** Opening Information supplied block **
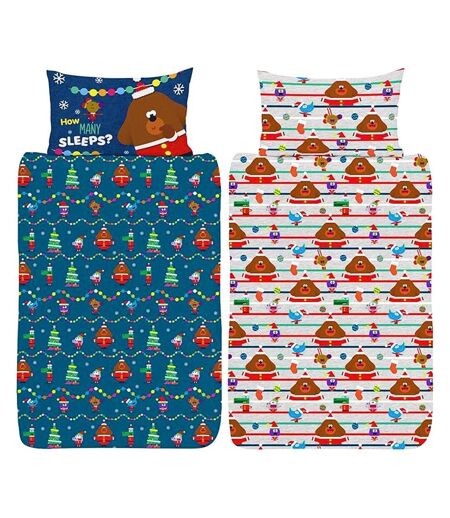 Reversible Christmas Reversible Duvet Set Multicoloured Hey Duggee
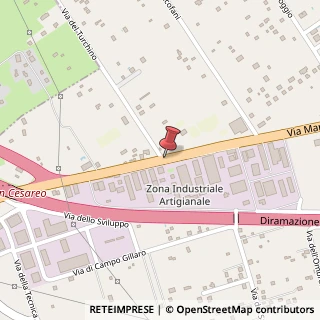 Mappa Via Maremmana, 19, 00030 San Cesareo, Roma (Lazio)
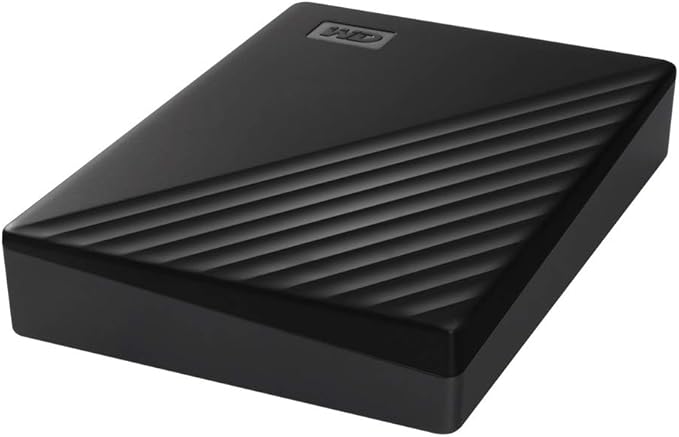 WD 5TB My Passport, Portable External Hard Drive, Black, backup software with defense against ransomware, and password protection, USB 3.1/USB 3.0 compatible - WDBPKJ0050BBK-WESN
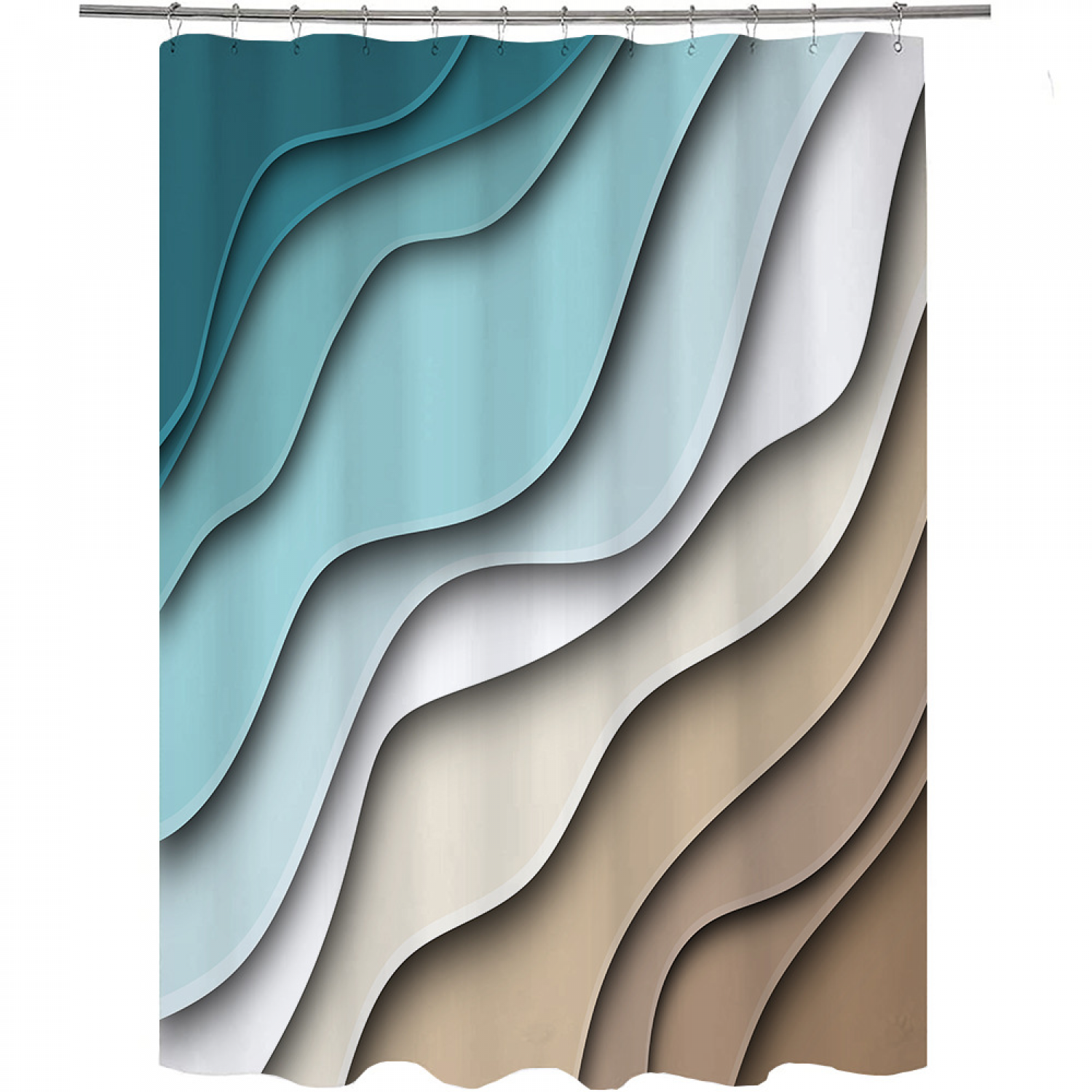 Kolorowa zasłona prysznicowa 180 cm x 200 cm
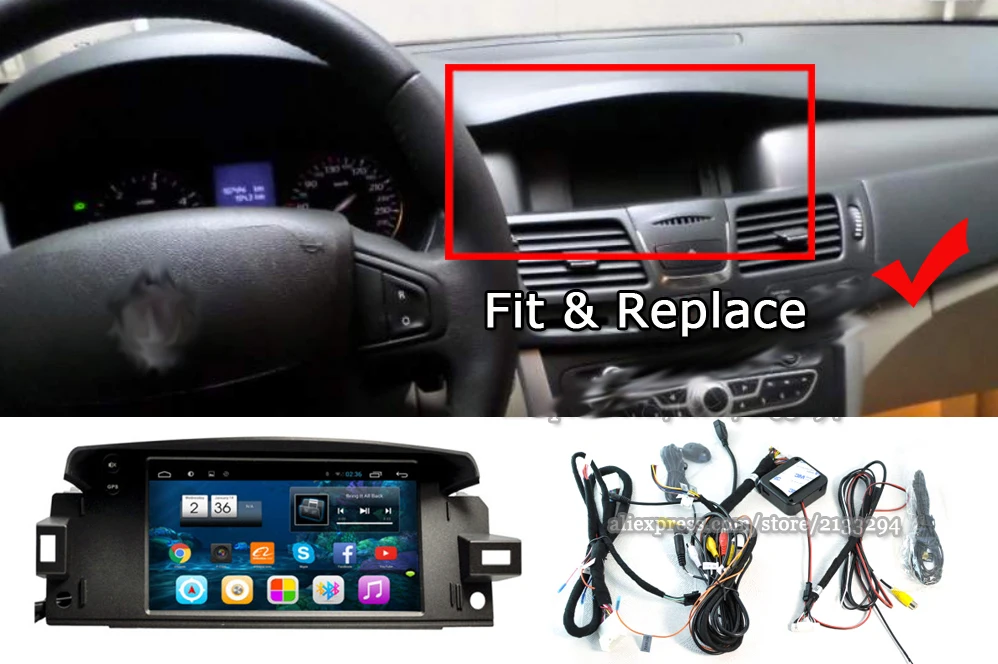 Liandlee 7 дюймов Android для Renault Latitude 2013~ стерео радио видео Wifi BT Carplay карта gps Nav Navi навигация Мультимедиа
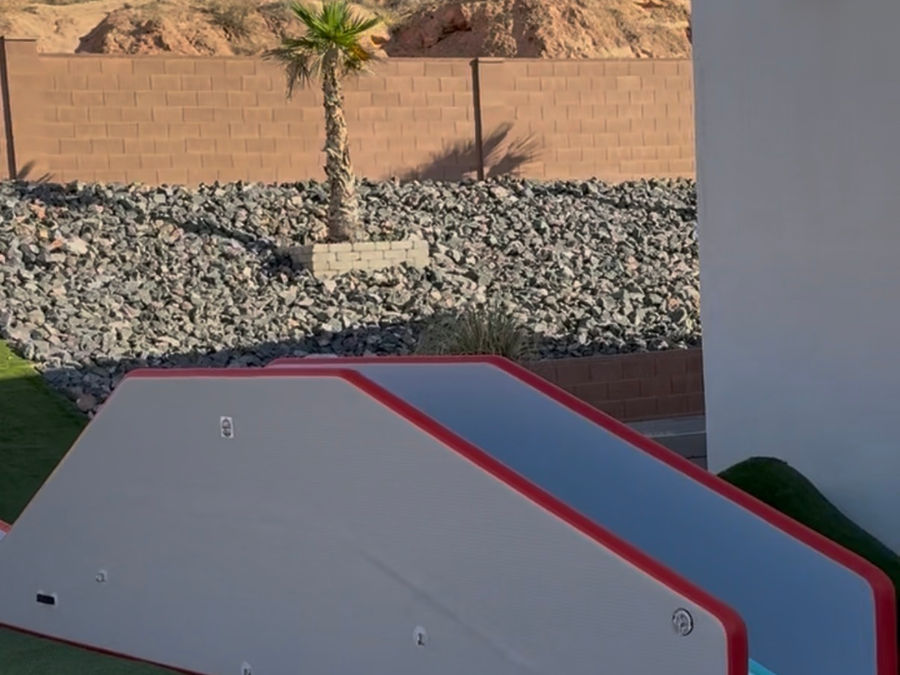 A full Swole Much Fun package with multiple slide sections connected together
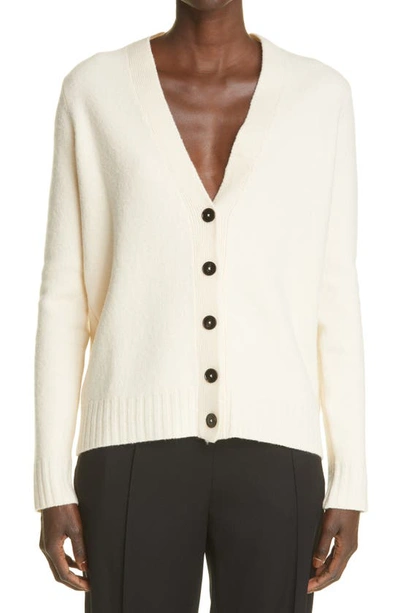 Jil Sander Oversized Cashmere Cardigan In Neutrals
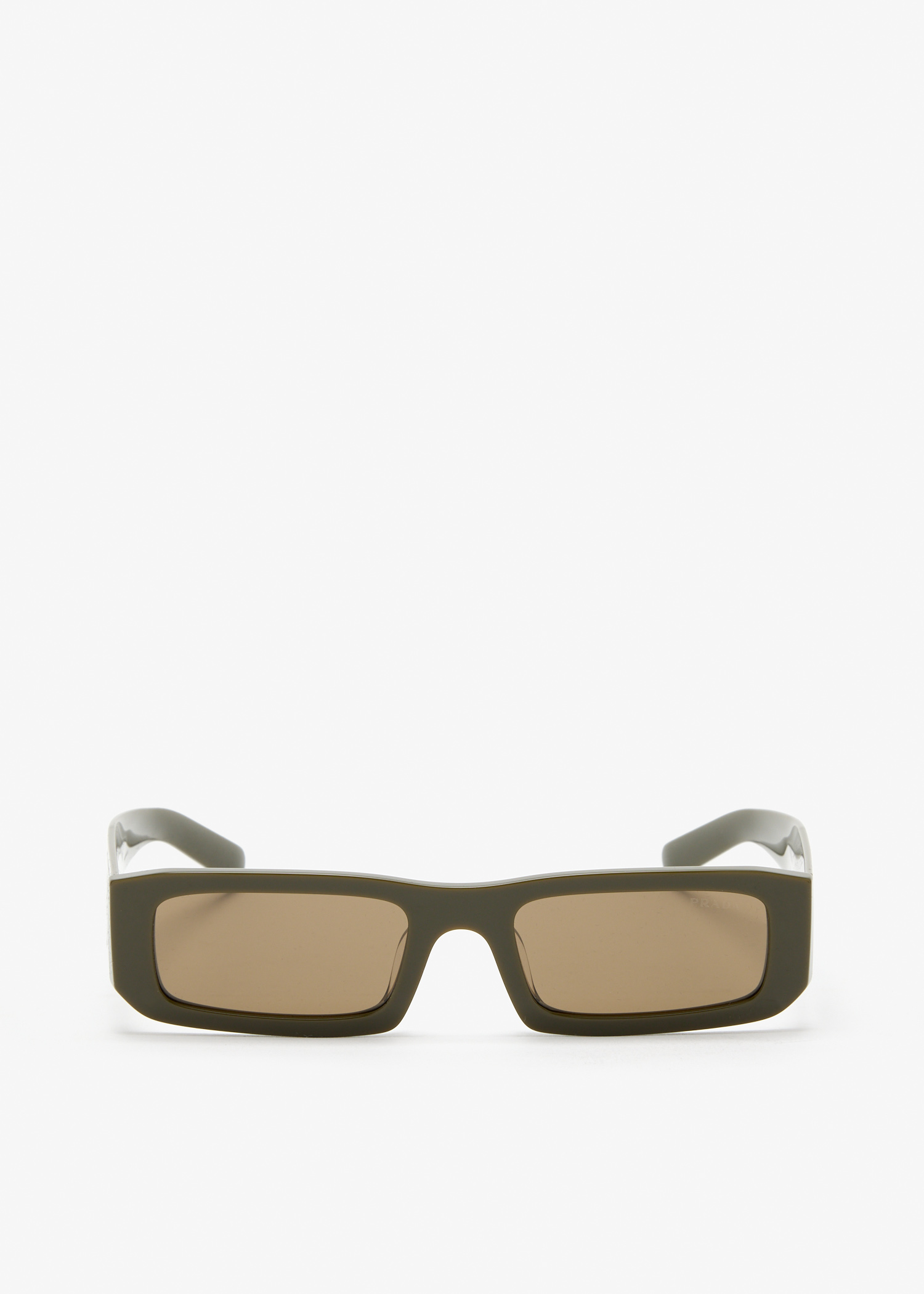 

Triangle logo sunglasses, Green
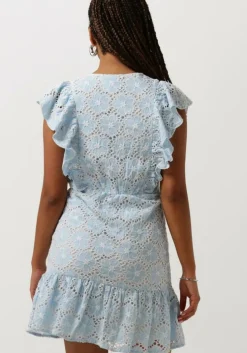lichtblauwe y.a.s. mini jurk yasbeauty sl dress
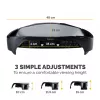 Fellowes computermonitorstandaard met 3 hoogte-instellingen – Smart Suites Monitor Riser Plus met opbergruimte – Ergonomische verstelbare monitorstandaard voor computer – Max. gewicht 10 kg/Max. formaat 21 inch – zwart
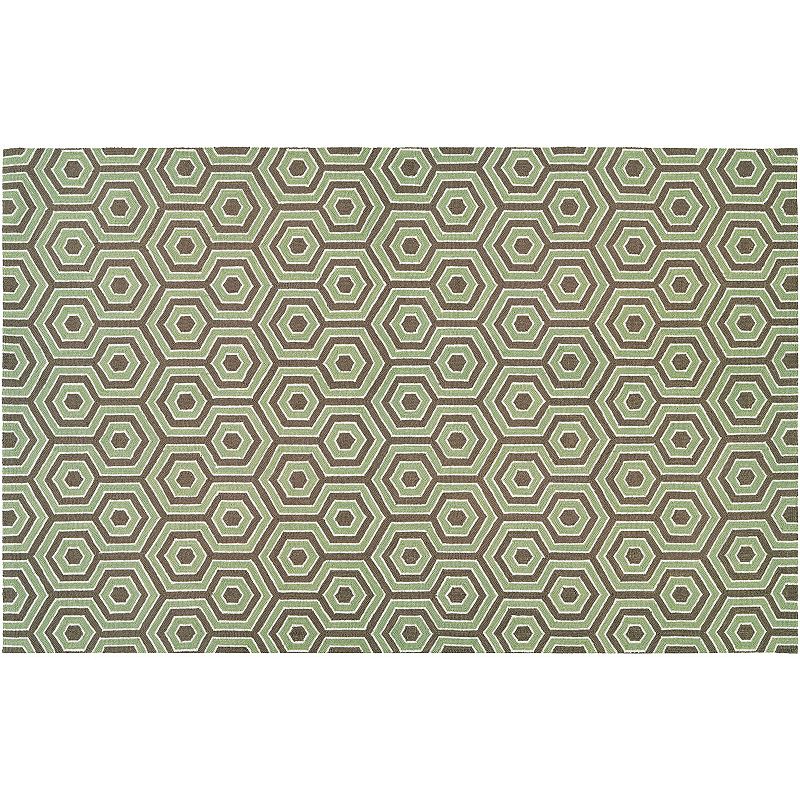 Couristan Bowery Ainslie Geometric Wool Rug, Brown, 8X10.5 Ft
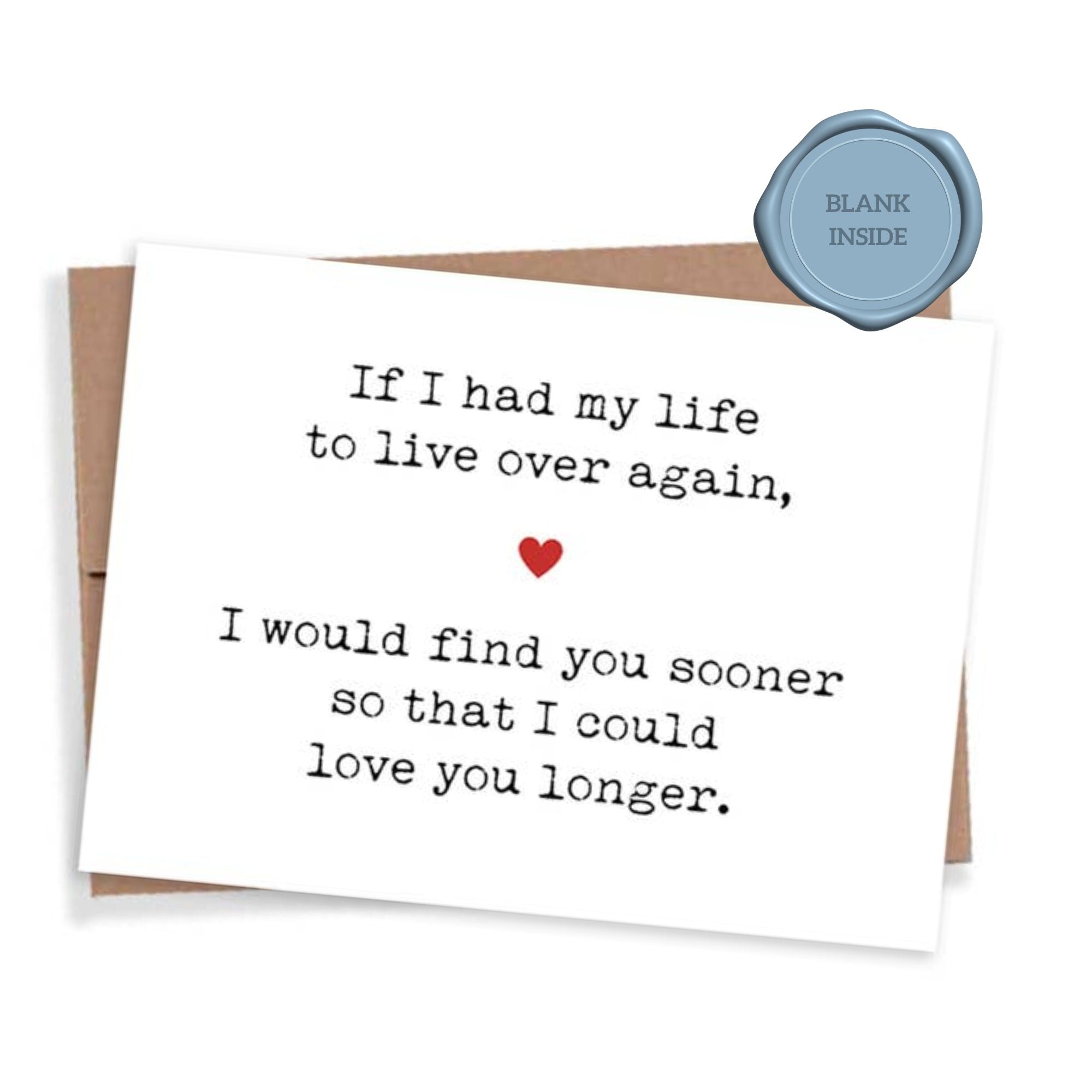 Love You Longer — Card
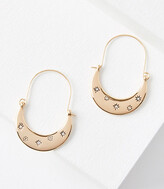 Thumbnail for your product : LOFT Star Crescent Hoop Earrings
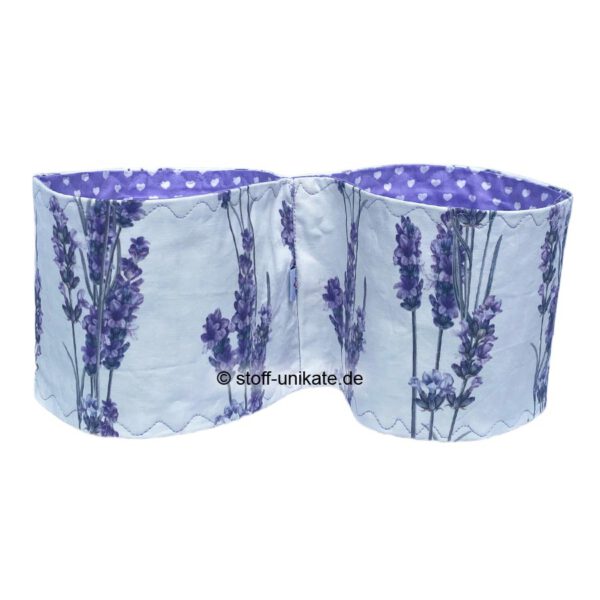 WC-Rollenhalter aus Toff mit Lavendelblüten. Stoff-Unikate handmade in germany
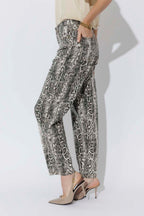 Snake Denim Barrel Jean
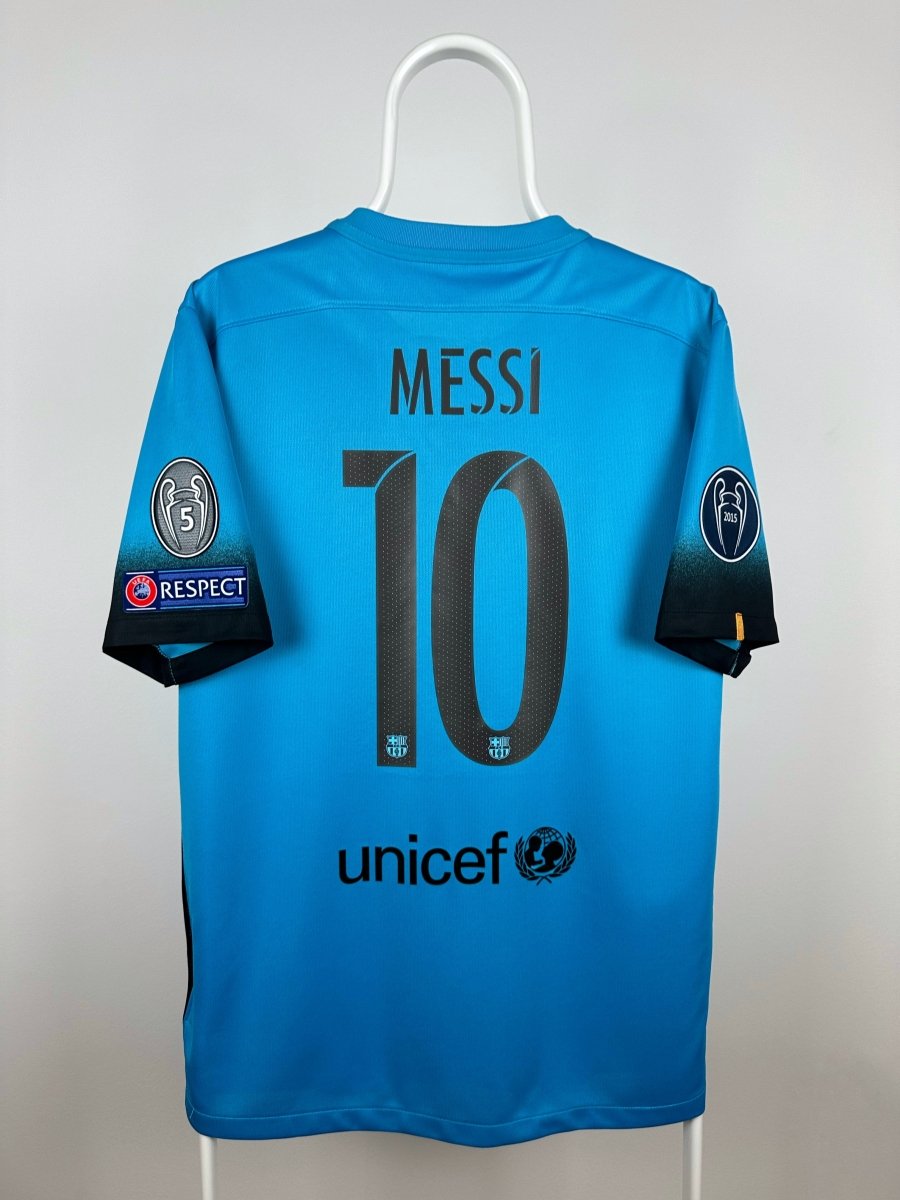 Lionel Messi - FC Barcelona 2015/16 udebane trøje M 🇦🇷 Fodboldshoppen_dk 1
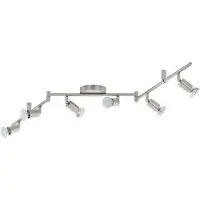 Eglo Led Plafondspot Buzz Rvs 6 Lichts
** Closing Information supplied block **
### Problem statement
Every line from the one containing "Couristan Bowery Ainslie" through the end of the entries above is to be copied exactly; pictures are to be left out.

### Reply
 Couristan Bowery Ainslie Geometric Wool Rug, Brown, 8X10.5 Ft
 Love You Longer — Card
 Thumbnail for your product : LOFT Star Crescent Hoop Earrings
 WC-Rollenhalter aus Toff mit Lavendelblüten. Stoff-Unikate handmade in germany
 Snake Denim Barrel Jean
 Lionel Messi - FC Barcelona 2015/16 udebane trøje M 🇦🇷 Fodboldshoppen_dk 1
 Eglo Led Plafondspot Buzz Rvs 6 Lichts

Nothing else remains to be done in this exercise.